The Future of Procurement – New Paper Highlights Threats To the Profession

Just before Christmas, our paper titled very simply "The Future of Procurement" was launched, courtesy of our friends at complex sourcing experts, Trade Extensions.

In a daring innovation for Spend Matters, this is a co-authored paper with Sigi Osagie, guru, adviser and Procurement Mojo author working with me on the project. Some of you might have caught either our pub debate earlier this year or my presentation at the Trade Extensions conference in the autumn, when we covered this topic, but in the new paper we take the arguments further and deeper. Procurement has blossomed as a profession and a function over the last twenty years; is the outlook set fair for the next twenty, or are the storm clouds gathering?

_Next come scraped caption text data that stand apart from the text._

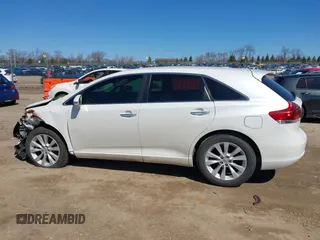 2015 Toyota Venza LE z VIN 4T3ZA3BB2FU095797, wystawiony jako IAAI lot #41853876 z przebiegiem 181 023 mil mil oraz . Historia ofert i sprzedaży dostępna na DreamBid. Obrazek 14.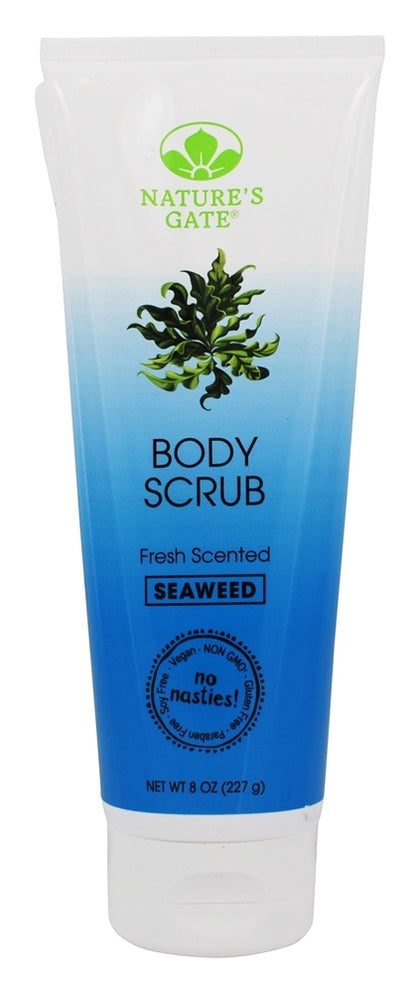 Nature's Gate Seaweed Body Scrub 227g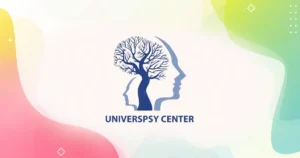 Logo of universpsy center on KidsActivites.ma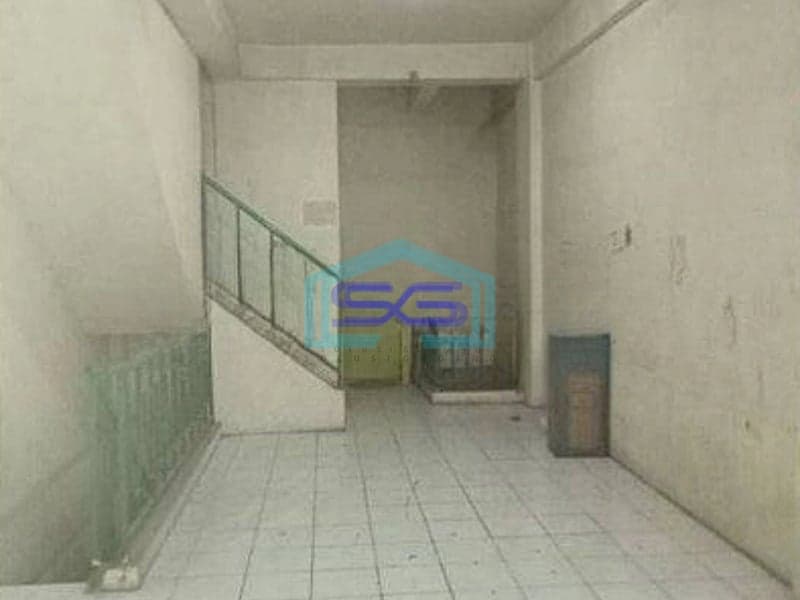 Dijual Ruko 4½ Lantai di Kapuk Muara Jakarta Utara LB 270m2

We think anyone interested in our profession will find this a stimulating read, and perhaps take away a few points in terms of what we all need to do, if we want that future to be a positive one. In today’s extract, we look at dis-intermediation -- one of the three major threats to the future of procurement. To find out what the other two are, you can download the whole paper, free on registration, from the Trade Extensions website here.


Part 2 – The Threats to Procurement

b. Dis-intermediation

One of the consequences of better technology is that the budget holder, and those who actually need externally provided goods or services to carry out their jobs, will have less need for a procurement function or professional to carry out many of the tasks that previously fell within the procurement remit. We are seeing this dis-intermediation already and it will certainly continue.

The procurement manager used to be the expert, the person who understood the market and knew who the best firms were. But now, just use Google and Wikipedia, and any line manager can know almost as much about the market as any procurement “expert” instantly.

Now this has happened before to procurement; 30 years ago, departments spent much of their time processing purchase orders and requisitions. That purchase-to-pay transactional management has been vastly reduced by the use of technology and user self-service; much of the same will happen to current sourcing and even category management activity. Solution providers in the sourcing area are already seeing “usability” as the number-one feature in their products, the aim being to allow non-specialists to run sourcing exercises quickly and easily. Good news for the organisation, less so maybe for the procurement “professional” whose job consists of running basic RFX processes, day after day.

It is worth stressing again though that this will happen at different speed in different organisations, some have not yet even made the transition away from procurement handling requisitions manually, so it may be some time before we see these effects in that type of business! It is also true that the advanced technology we are discussing will be provided by firms who will undoubtedly use procurement experts as part of the team designing and building these systems and apps.